Higher costs and lower selling prices are expected to rob cow-calf producers in Arkansas and the rest of the nation of profits in 2008. Arkansas cow-calf producers should expect two or even three lean years ahead, said Tom Troxel, Extension professor and associate animal science department head with the University of Arkansas Division of Agriculture.

Troxel said producers could lose $30 or more per cow.

“With the recent decline in calf prices, actual losses in 2008 may be higher than $30 per cow, even though grain prices are dropping,” he said.

Cow-calf producers have experienced negative returns in only three years since 1986. Producers lost from $25 to $90 per head in 1995, 1996 and 1998, Troxel said.

Producers began liquidating cows from their herds in the spring because of high carrying costs, which included the increased cost of fertilizer, fuel and feed.

“This really has been a step in a long process that began in the fall of 2006,” Troxel explained. “Cow slaughter usually peaks in November after spring-born calves are weaned and before winter weather makes feeding hay and/or supplements necessary.”

He said that the beef industry is apparently not in a position to replace the cows going to slaughter because the July inventory of heifers being held for beef cow replacements was about 2 percent smaller than a year ago. As a result, the national cow herd should be lower Jan. 1, 2009, compared to Jan 1, 2008.

Troxel said that in the past the industry was more or less governed by an eight-year to 12-year cattle cycle in which the national herd was reduced because of lower prices, followed by a herd rebuilding phase.

“This cycle is not expected to continue this time,” Troxel said, and he noted that some economists have said the beef cattle cycle is over, and it will be replaced by a flat line.

Plunging cattle prices have also hit yearling prices hard. Prices for yearlings — 700- to 800-pound feeders — dropped by $20 per hundredweight from mid-summer through early October. This was driven by lower fed cattle prices and the cumulative effects of cattle feeding losses, according to Troxel.

Cattle feeders have lost $25 to nearly $175 per head over the past year to year and a half.

“Lower yearling prices pressured calf (400- to 500-pound) prices,” Troxel said. Calves are what the majority of Arkansas cow-calf producers sell. Prices, however, have rebounded a bit in recent weeks due to excellent wheat pasture conditions in the nation’s High Plains.”

A lower beef supply will drive prices back up for producers and consumers, Troxel predicted.

“But it’s going to be a while for higher prices to take hold,” he said. Cows going to slaughter now had a calf last spring, and those calves won’t get through feedyards until late 2009 or early 2010.

How can Arkansas cow-calf producers improve their chances for profitability?

Producers have to go back to the old tried and true economic practices of keeping a sharp pencil handy and improving production efficiency by employing cost-effective management practices, according to Troxel.

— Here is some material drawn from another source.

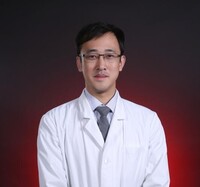 郝一昌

“Eliminating cows that either don’t produce calves or produce inferior calves, balancing supplemental feeding programs based on a forage test, base fertilizer applications based on a soil test are just a few management tips to improve efficiency,” Troxel said.

He said producers also have to make critical decisions about when calves are sold and at what weight.

“Marketing has always been important to cattle producers,” he said, “but it will become even more important during the next few years.”